Sunday, August 27, 2017

Blood Moon

The tragedy of the Cherokee experience of the American Civil War cannot be understood without a thorough grounding in the factional violence that emerged over 1830s removal, when the Cherokee were forced by the 1835 Treaty of New Echota to exchange their vast ancestral lands east of the Mississippi for new ones in the northeastern part of Indian Territory. Those who resisted removal most strongly, a majority group led by Chief John Ross, came to be pitted against the Ridge faction, whose members acquiesced to the treaty with the view that further recalcitrance would only make things worse for the Cherokee people.

With the tribe then deeply split between the Ross and Ridge factions, a murderous blood feud ensued.
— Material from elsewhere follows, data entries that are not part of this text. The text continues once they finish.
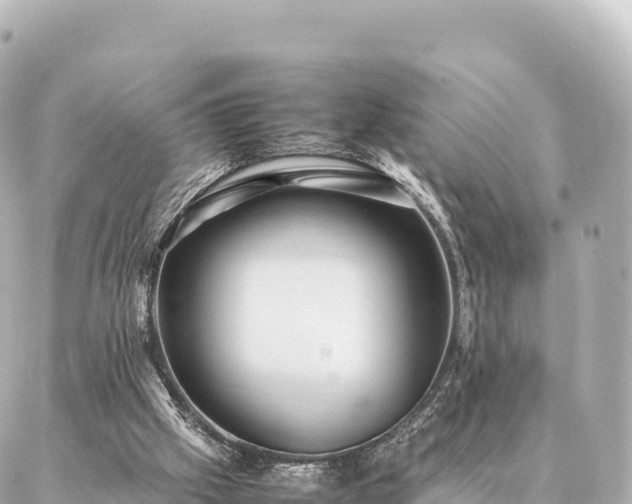 X0000087060057200704251039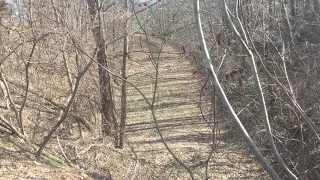 Abandoned Railroad In Perkinsville, NY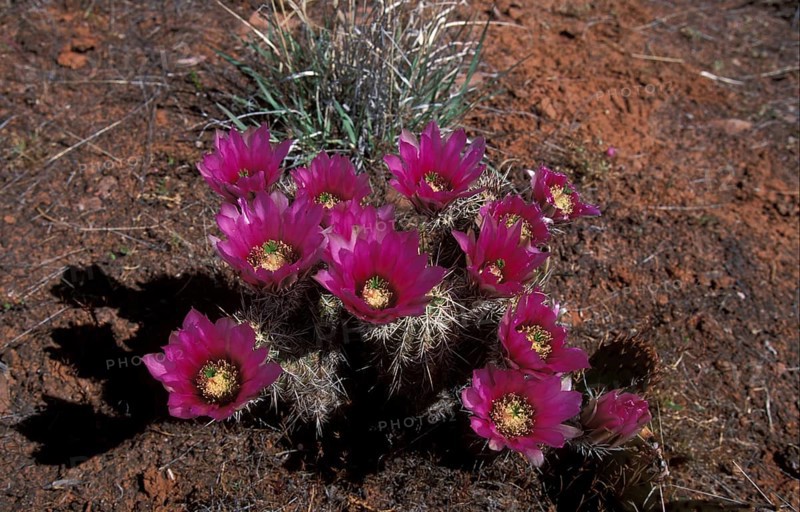 Strawberry Hedgehog Cactus (Echinocereus enneacanthus)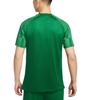 Nike Dri Fit Academy T Shirt Men's Pine Green IB8761-302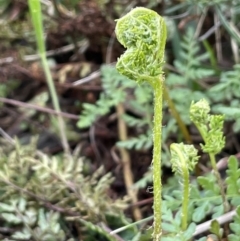 Cheilanthes austrotenuifolia (Rock Fern) at Mount Ainslie - 9 Jul 2021 by JaneR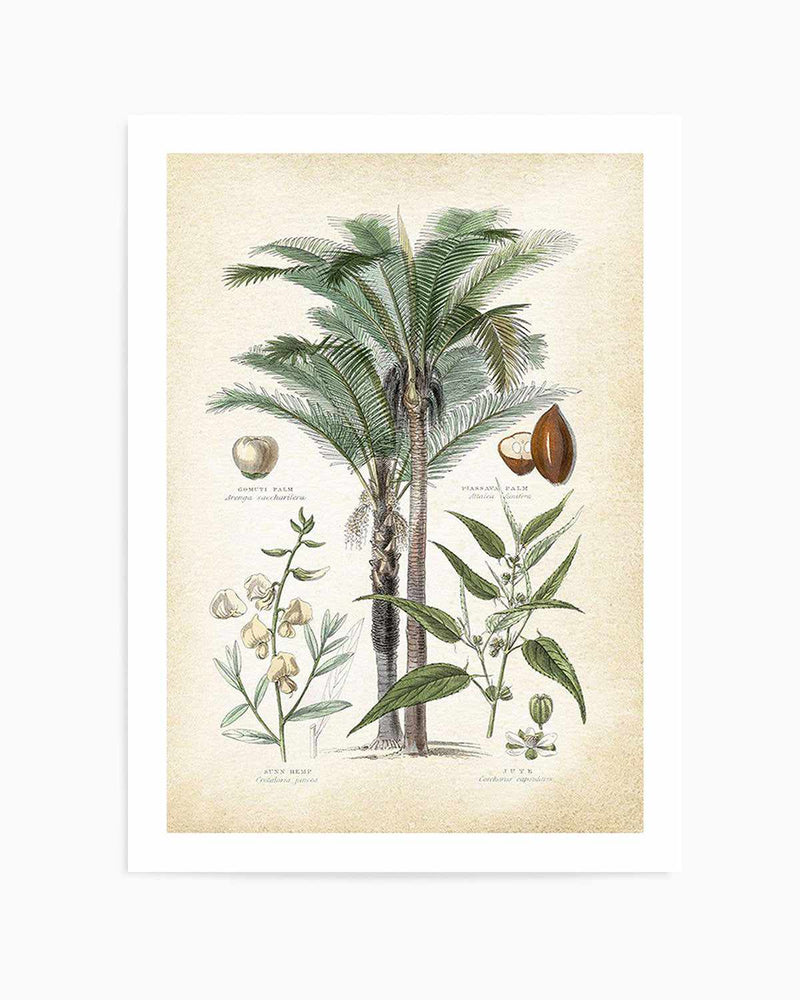 Hamptons Palm I Art Print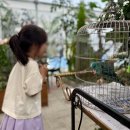 청양 아이와 가볼만한 곳 앵무새정원 꽃단지카페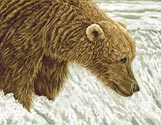 Bear Fishing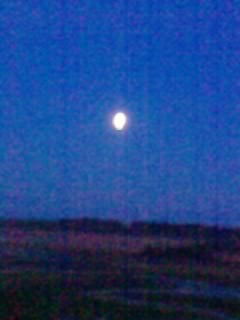 Алёна Князькова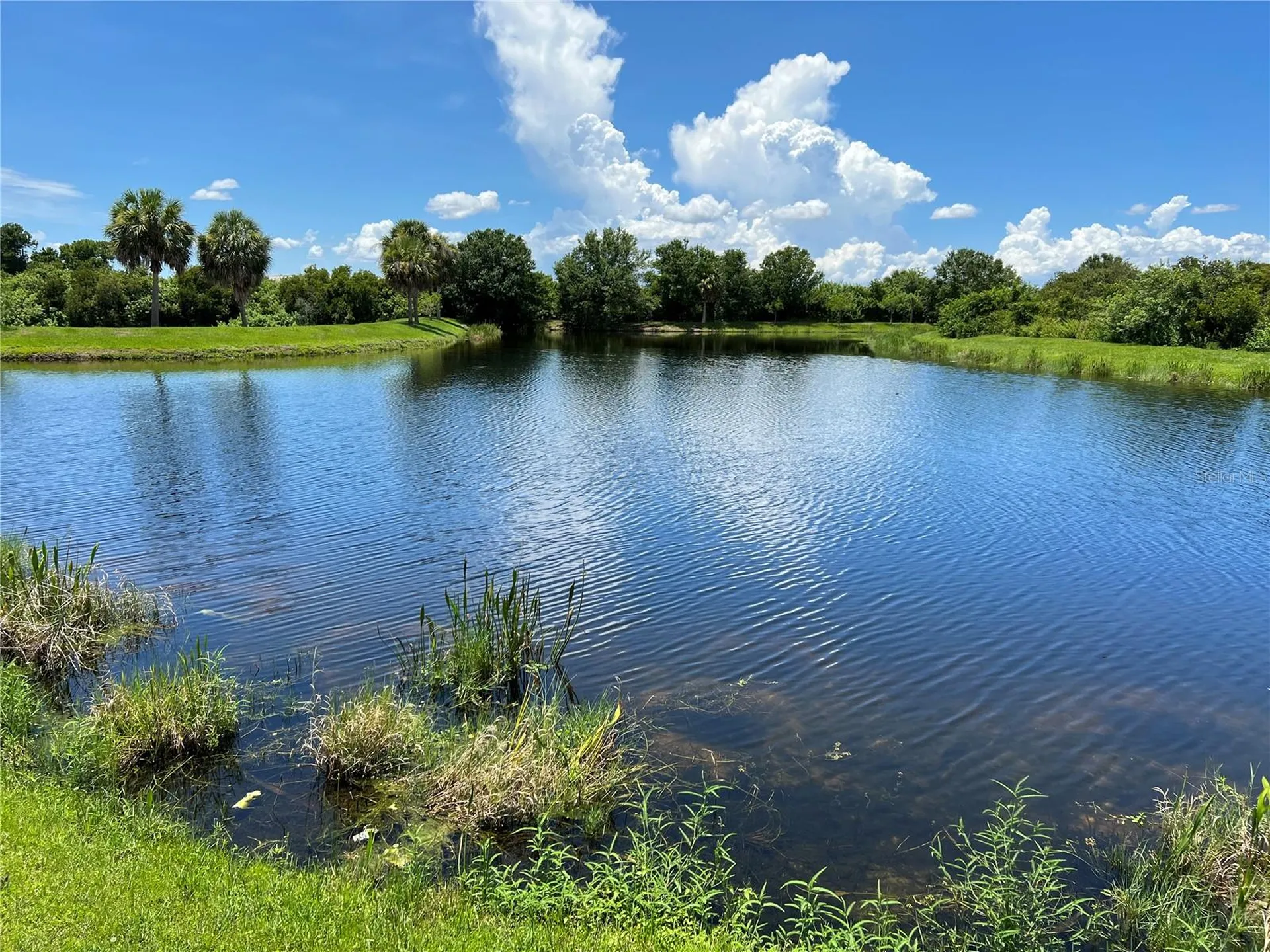 6431 Cypressdale Drive Riverview FL 33578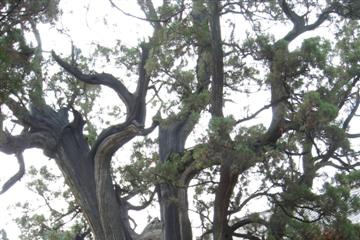 img_7148_small.jpg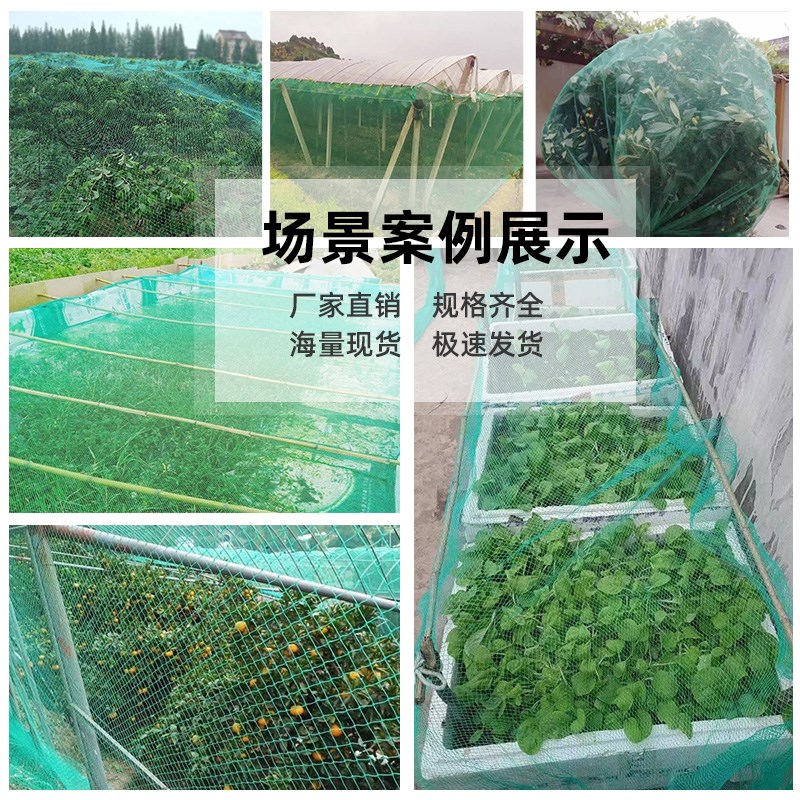 防鸟网果蔬大棚出风口防鸟网果园防鸟网 - 图2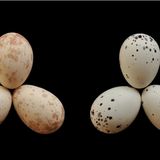 Das jeweils rechte Ei stammt von einem Afrikanischen Kuckuck. Alle anderen gehören zu einem Trauerdrongo-Weibchen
The divisions remained unresolved in 1861, when the Cherokee, who had just become prosperous again in their new surroundings, were confronted with yet another life-changing decision—the requirement of choosing sides during the Civil War. Though this topic has certainly been explored before in numerous books and articles, a fresh reappraisal is always welcomed.

Recently, I came across advanced notice of John Sedgwick's Blood Moon: An American Epic of War and Splendor in the Cherokee Nation (Simon & Schuster, Spring 2018), hoping it might be of interest and also have significant Civil War content. Indeed, the book is advertised as "the story of the century-long blood feud between two rival Cherokee chiefs from the early years of the United States through the infamous Trail of Tears and into the Civil War." Skimming over the rest of the description, I was taken aback by its assertion that John Ross "spoke not a word of Cherokee." I am not sure where this view comes from and from my own reading don't recall this being a common belief. Just this past week I finished revisiting The Confederate Cherokees, and in it the author referenced at least two major speeches that Ross delivered in Cherokee. Really, it strains credulity that a principal chief like Ross could lead at all, let alone navigate the course of an entire people for decades and through such perilous travails, without any command of the language.